The Frenchman was as close to a French stereotype as you could ask for, he would drink red wine solemnly by himself at the kitchen table with a lit candle, sprout his philosophy at every opportunity and be arrogant in a comical but still strangely endearing way. 

A few days after moving in, The Frenchman invited me for a drink on my new building’s far more peaceful rooftop. 

“What is the most important thing to you?” he asked me, dribble falling down his chin. 

“Freedom.” I said without thinking much about it. I’m not even sure if that was the most important thing, I was just humouring his drunken philosophical moment. 

“Ahh ah freedom,” he shouted, staring off into the distance and trying to stay up right, “freedom Yes, FREEDOM, ahh, ahh but freedom isn’t free!” he lurched over the railing then fell back, tripping towards me before throwing up on my shoes. 

I didn’t drink much with The Frenchman again after that. 

Alone in my new room with all the peace and quiet I wanted, I found myself growing irritable within days. 

We never want what we have, once we get it we either want what we used to have or want something else entirely. The human animal isn’t designed for standing still content, or maybe it’s just me. 

So I headed back to the hostel rooftop most nights before lighting up the bars and clubs of Itaewon with my magical dancing skills until the morning, then I would wake in the late afternoon and do it all again. 

One morning after another night of chaos The Frenchman confronted me, “I’m ten years older than you and I am much healthier than you!” he belted out in his usual dramatic tone. 

It felt particularly hypocritical coming from someone who I only ever saw drunk. I knew I was much healthier than this bloated French sack and dismissed the intervention.

But I had already known for days something else was also true, I was looking sick. 

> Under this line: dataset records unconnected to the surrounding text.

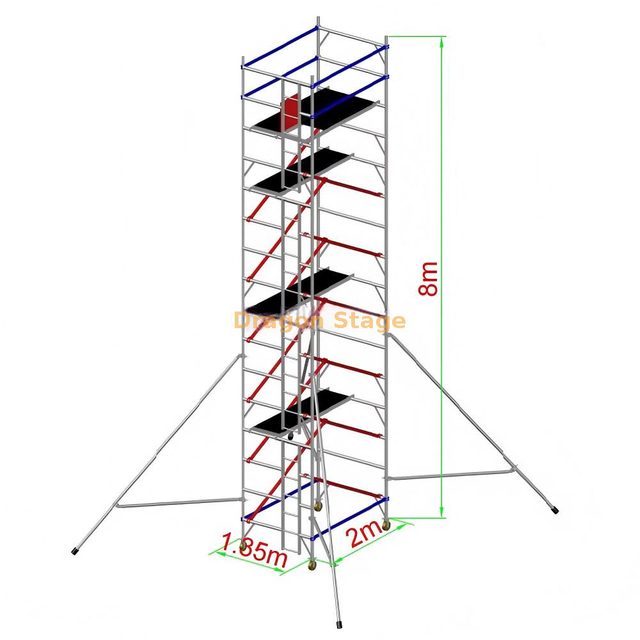 fileira de alumínio do dobro da torre do andaime de 1.35x2x8.5m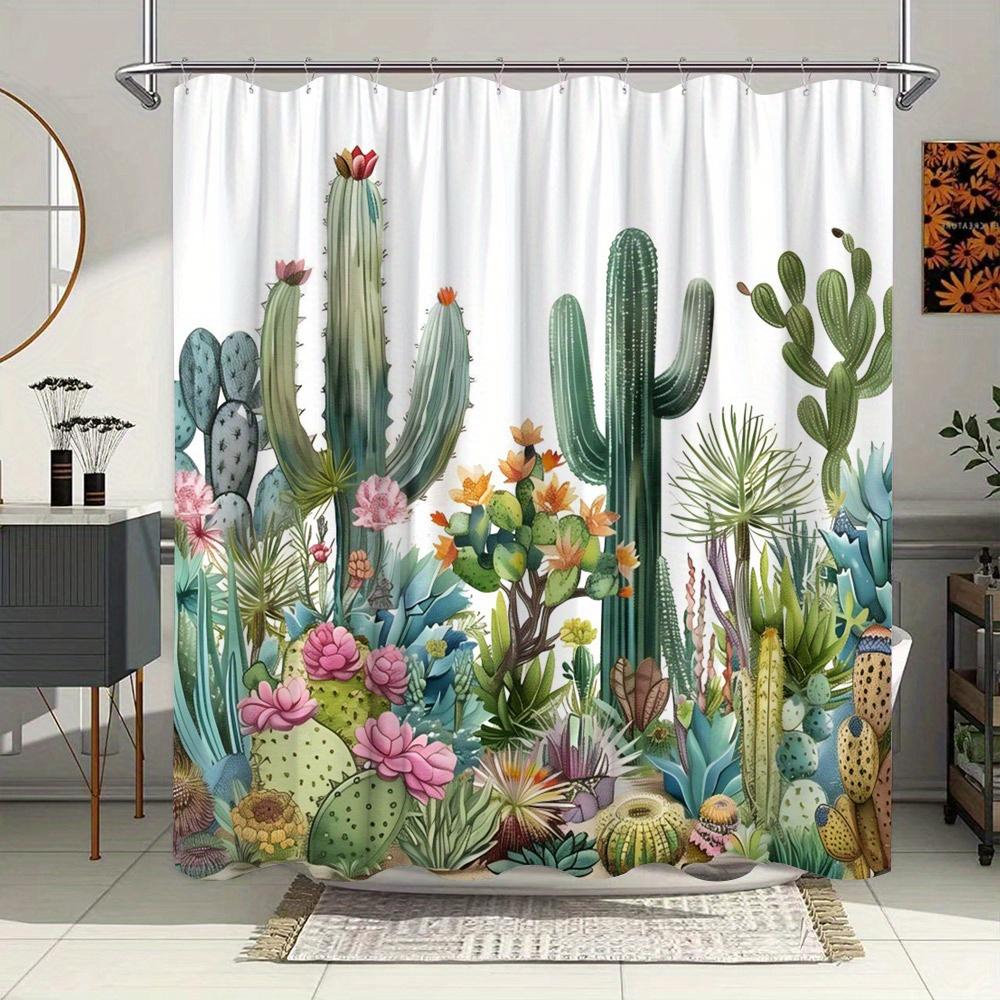 Rideau de Douche Jardin Désertique - Succulentes, Cactus, Fleurs Roses, Polyester, 12 Crochets, Design Inspiré par la Nature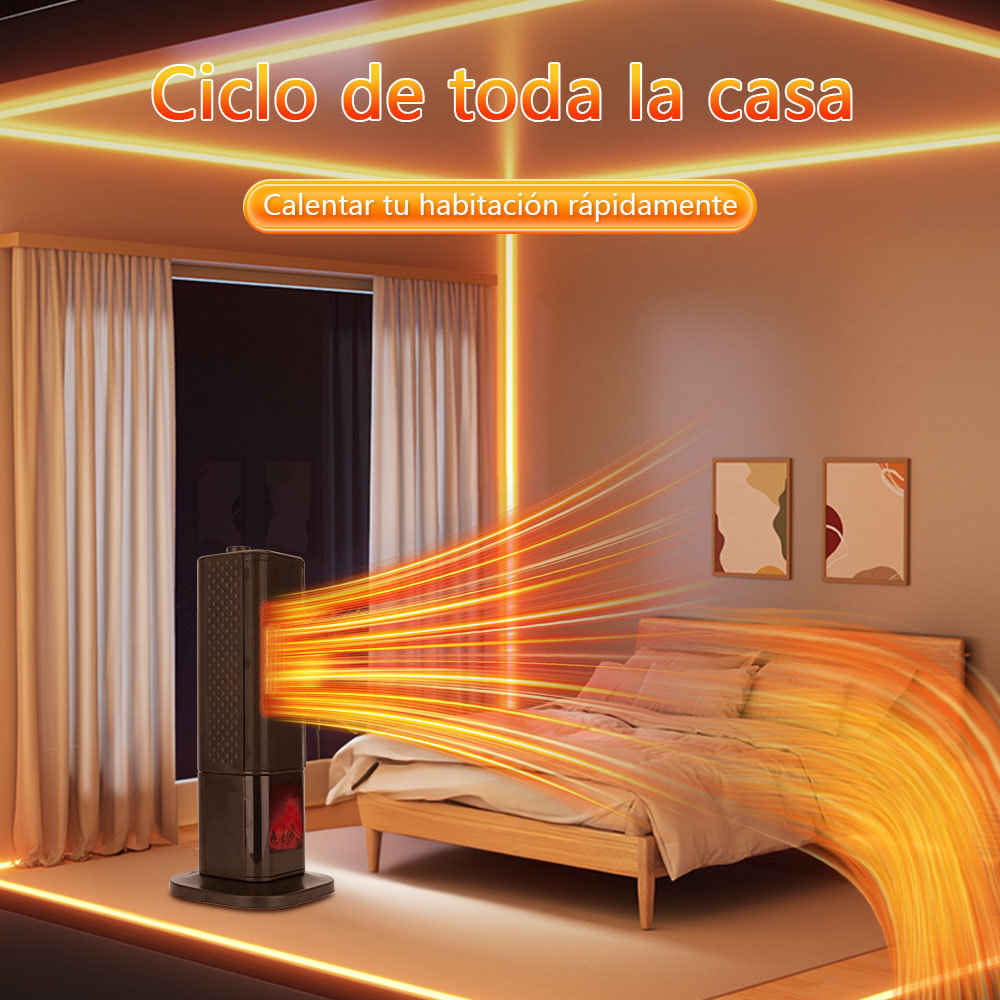 Calefactor Calentador De Torre Cerámico Ptc 1500w Negro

Each afternoon after waking up I would stand in front of the bathroom mirror and find a face of deterioration staring back at me. 

The stomach and a half of alcohol a night and the pack of 20 cigarettes that went with it had become a problem. 

I was 21 years old though and I only got to be 21 years old once in my life, a 21 year old living in the center of Seoul on a MEGA journey around the world. 

So fuck The Frenchman. I continued. 

I was without brakes. Nothing could prevent another night of Brad The Roaming Drunk of Itaewon.